With the life he knew snatched away from him, he has nothing left but to plan his own suicide. Then he meets Marianne Engel, who claims they were lovers in 14th century Germany. The narrator finds himself strangely drawn to Marianne, a sculptor of gargoyles who claims to receive inspiration from the word of God. When he is released into Marianne’s care, he comes to see that the force that binds the two of them may also be destroying her.

Davidson weaves together the telling of two tales, that of the protagonist’s journey of recovery from his car wreck and that of his 14th century self, a mercenary deserter. There is a poetic juxtaposition between the two stories. Davidson’s protagonist tells his own story of the eccentric stranger who wanders into his life to care for him, while Marianne spins the tale of their past lives where he was carried into her quiet life as a nun.

The story dances on two sides of a coin, lacing together conflicting ideologies. The narrator’s embittered atheism grapples with Marianne’s devotion to all things holy, while the harsh reality of his burn-victim rehabilitation is soothed by the fanciful tales of immortal love whispered to him in his anguish.

At the centre of all this sits Dante’s Inferno, which drives the story at both a literal and a metaphorical level. The narrator must travel his own divine comedy, through all the circles of hell into the arms of Marianne. But his recovery of body and soul is laced with torment.

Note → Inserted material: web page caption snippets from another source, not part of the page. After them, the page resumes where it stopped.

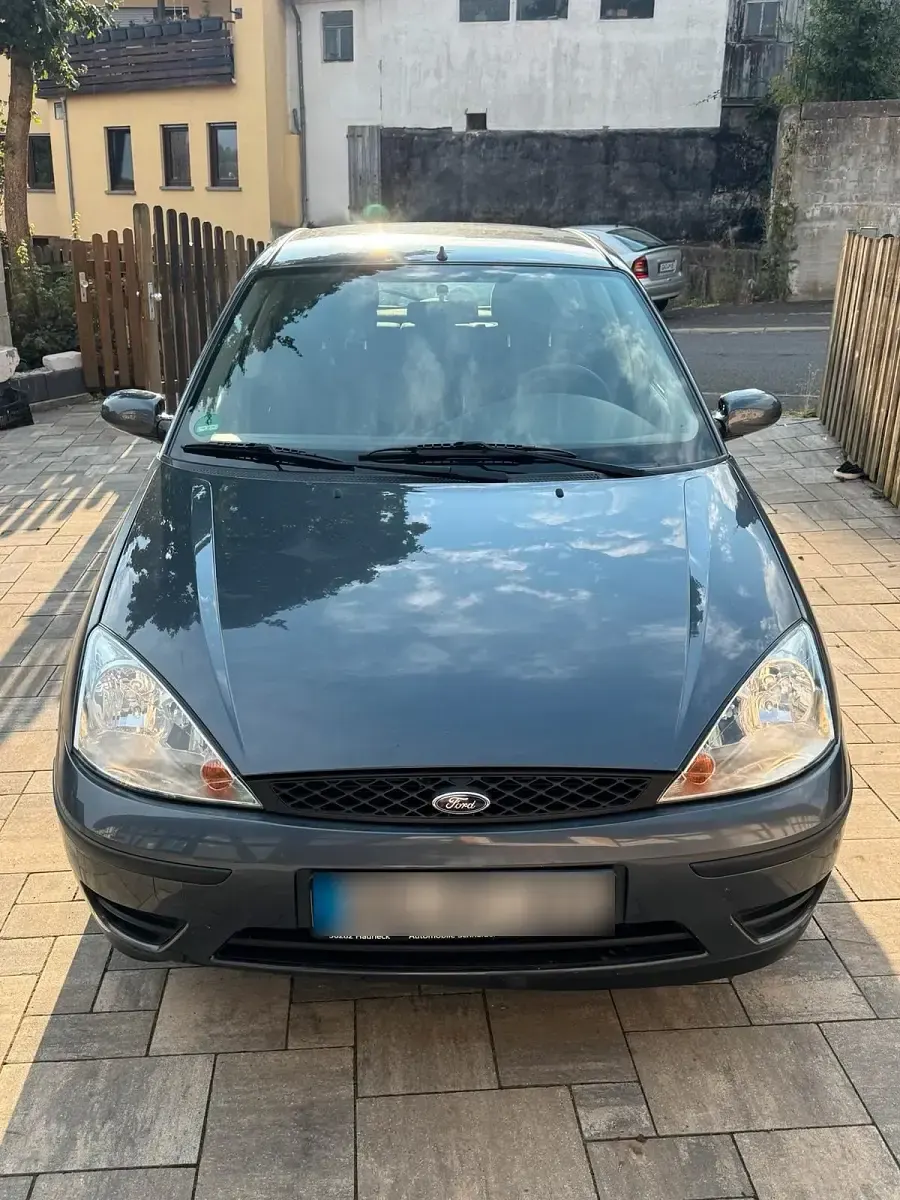 Gebraucht Ford Focus 75 PS (55 kW) 2004 Grau Kleinwagen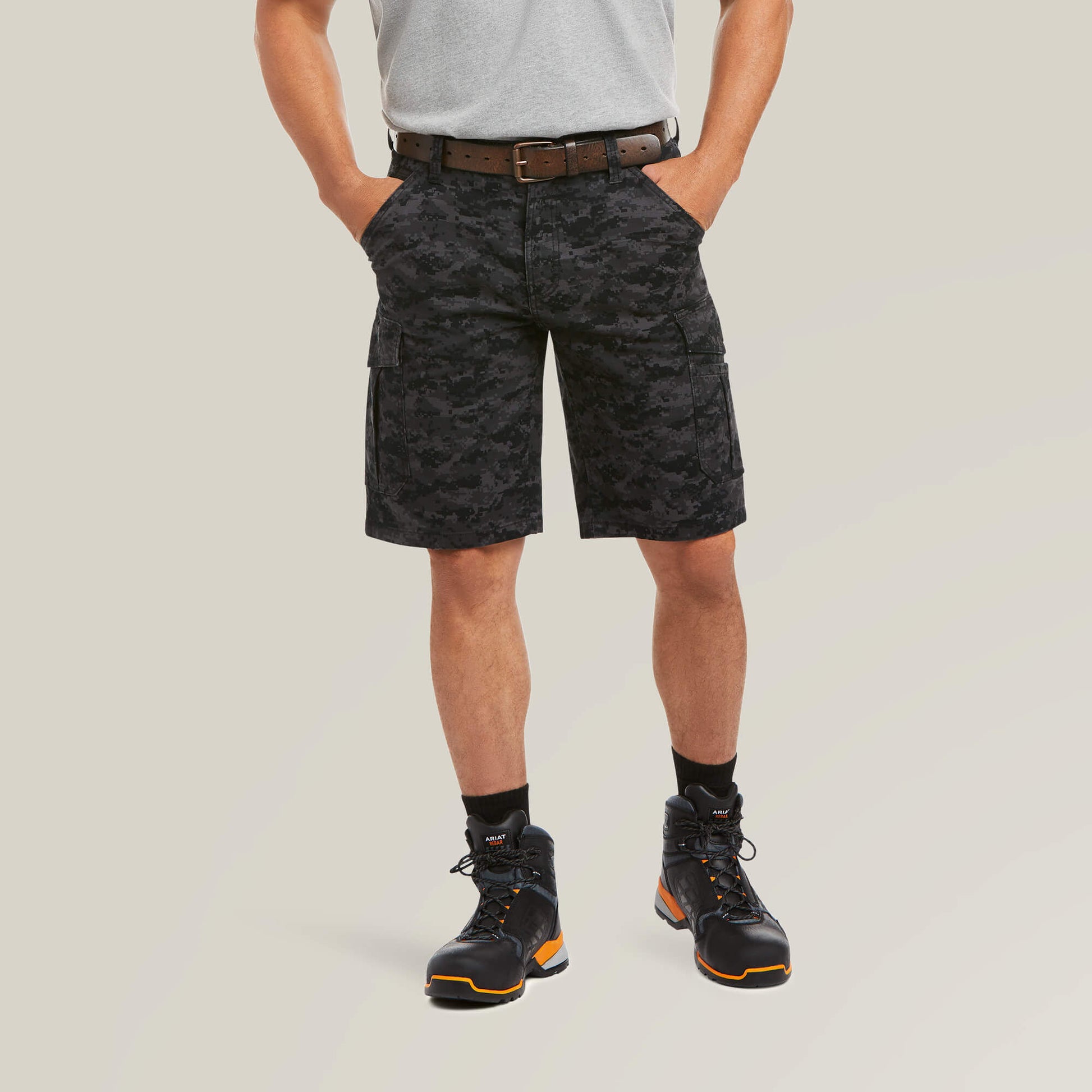 Ariat US - Rebar DuraStretch Made Tough Cargo 11" Short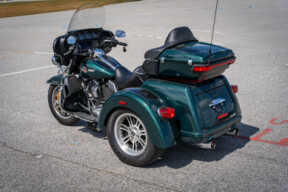 2024 Harley-Davidson® Tri Glide® Ultra FLHTCUTG thumb 0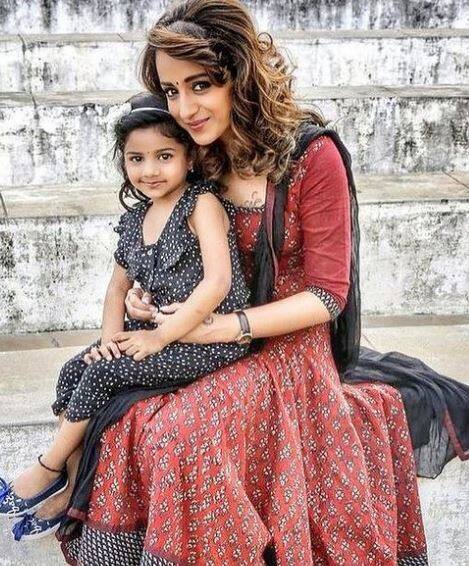 விடிகிறது காலை! உன் பேச்சு,  உன் பார்வை,  நகர்த்திடும் பகலை, இரவை!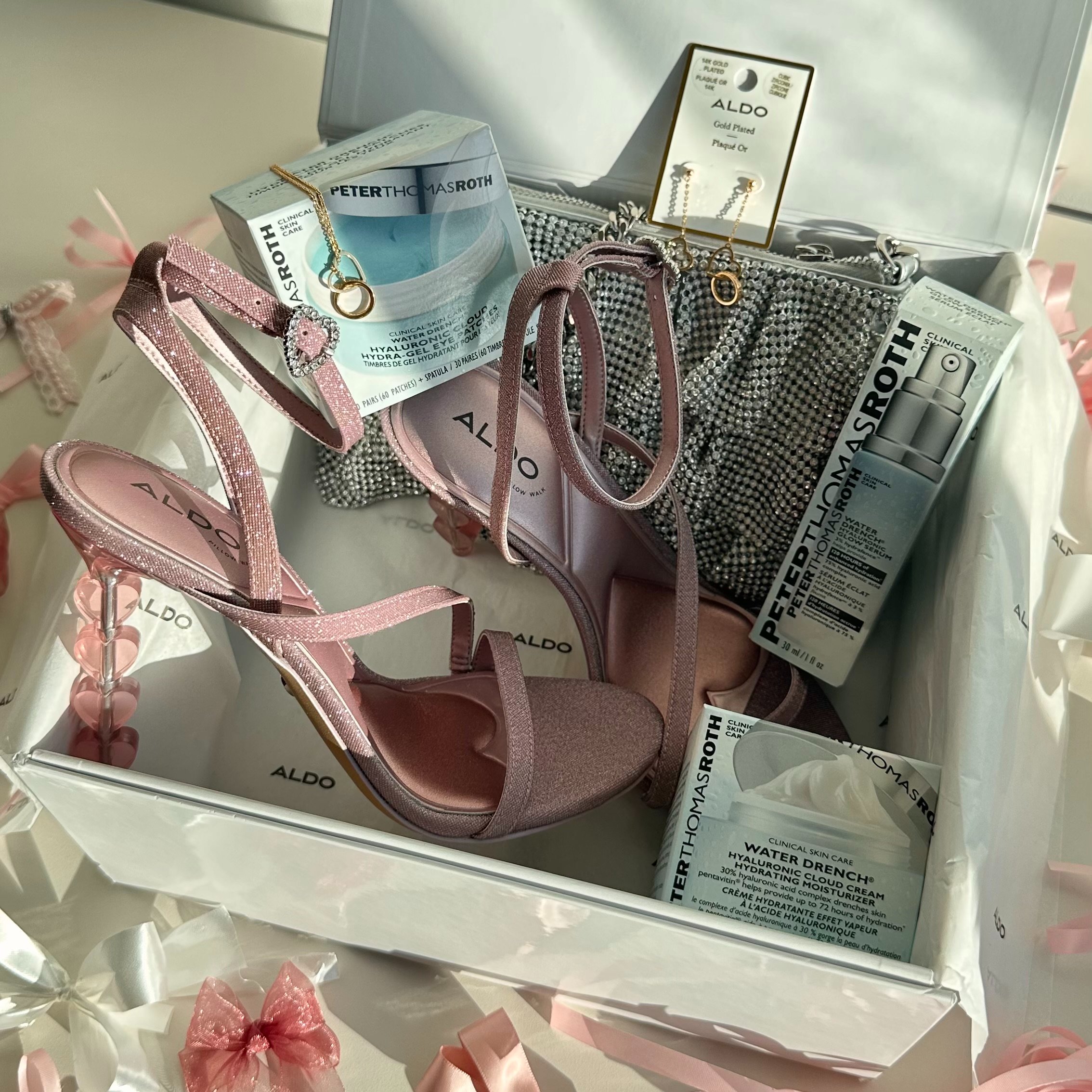 ALDO Shoes on X GIVEAWAY Here s the chance for 3 lucky winners to pamper themselves from head to toe with the ultimate self care package including a kit of three PeterThomasRoth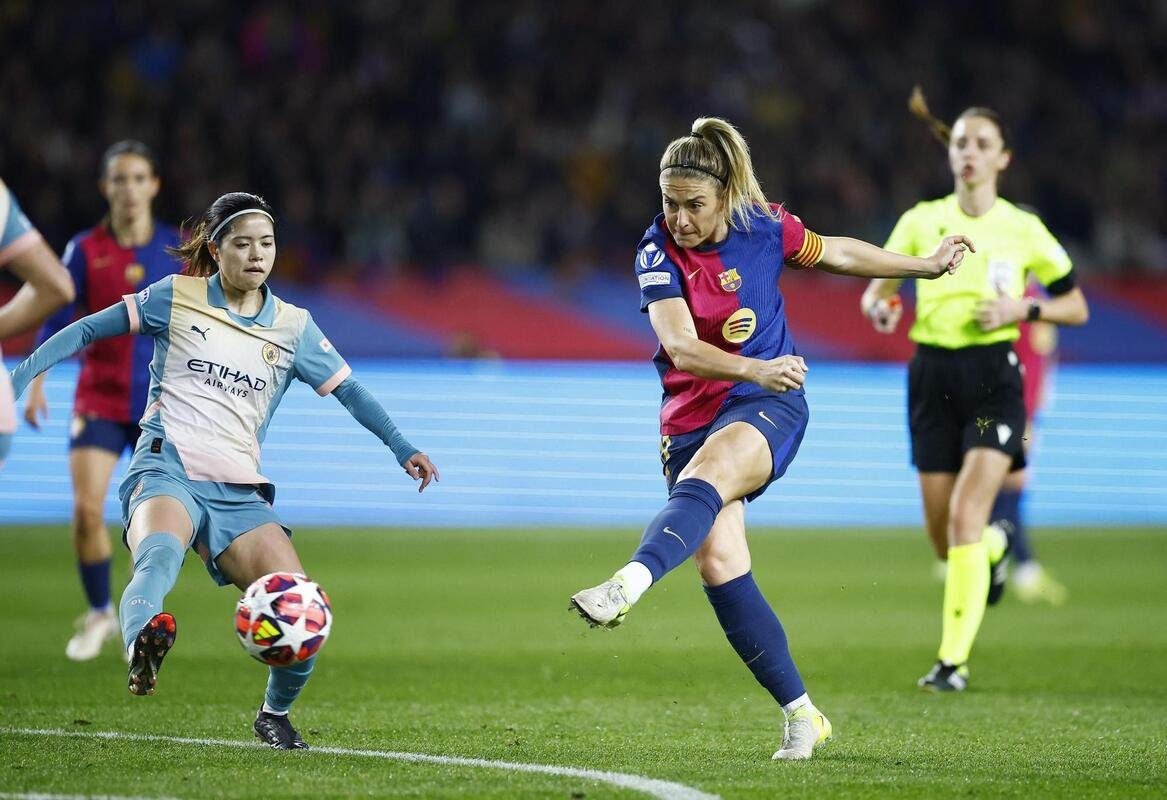 Alexia Putellas justo después de disparar, remate que acabaría en gol.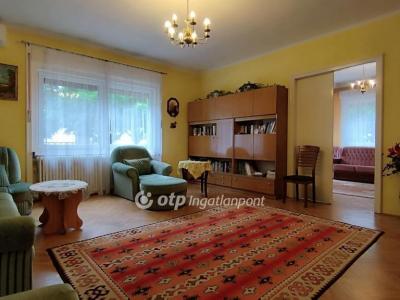 Eladó családi ház Budapest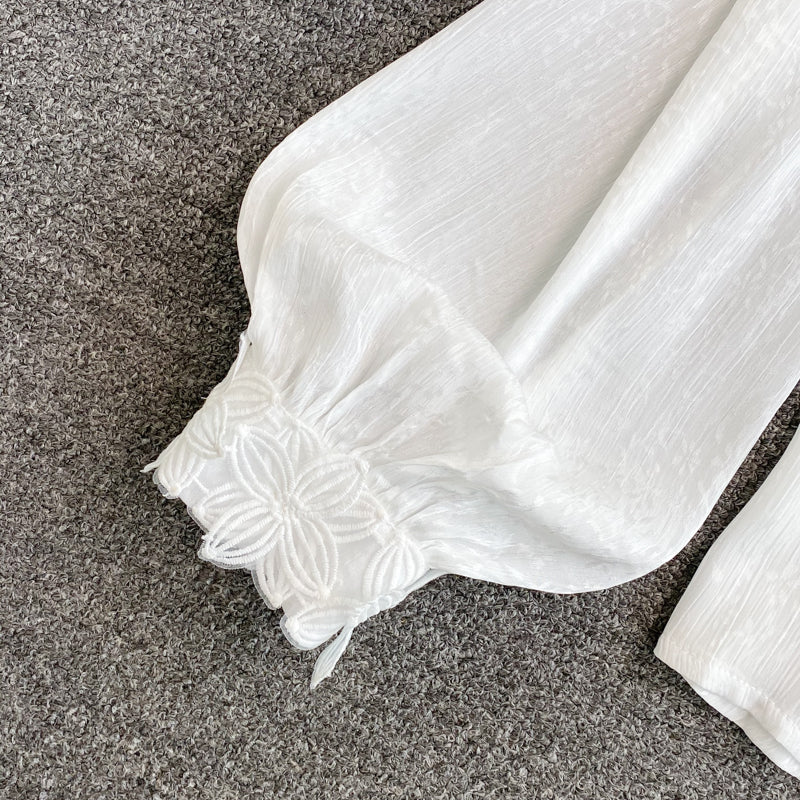 White lace long sleeve tops  251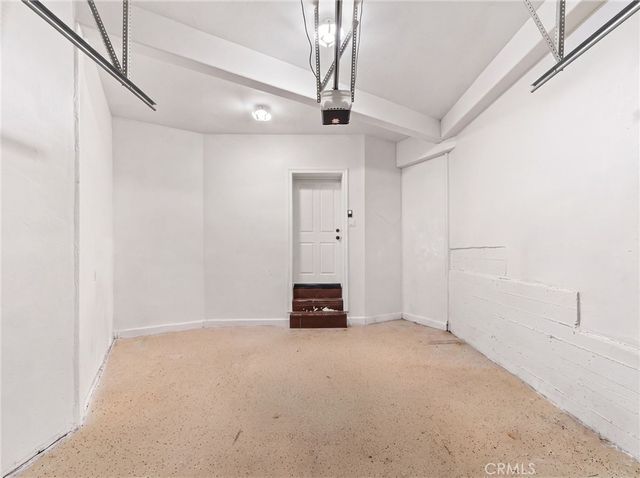 24599 Geneva Dr, Crestline, CA 92325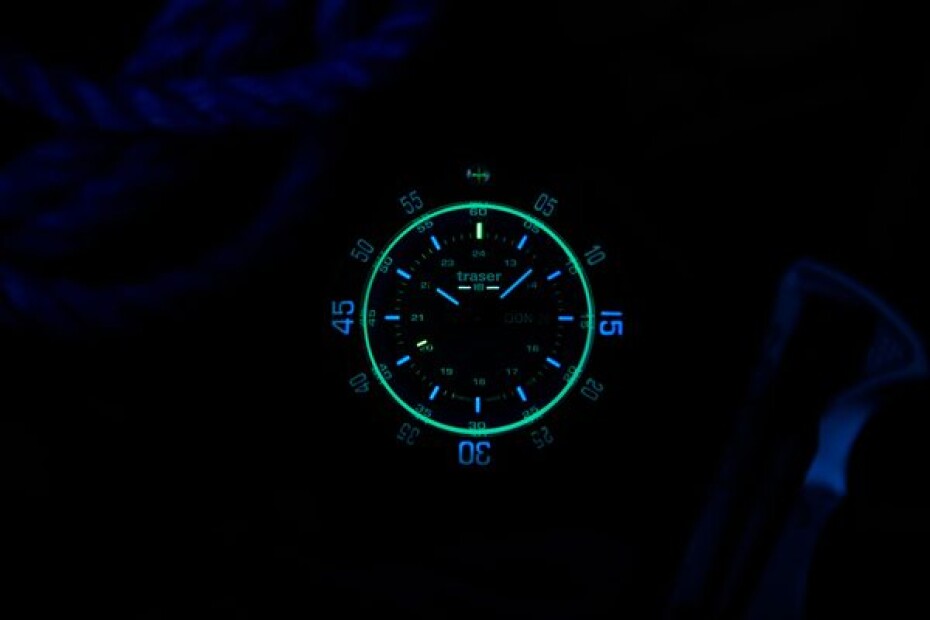 Traser P99 Q Tactical Blue Nato - main (8)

Davidson constructs an unflinching — at times barbaric — story, tempered with a touch of fantasy. It is darkly humourous, heartfelt and tragic, and it offers a spiritual journey that can appeal to the religious and secular alike. Dante may have finally found his spiritual successor; The Gargoyle is a moving portrayal of torture and redemption and, simply put, one of the best pieces of modern literature you will find.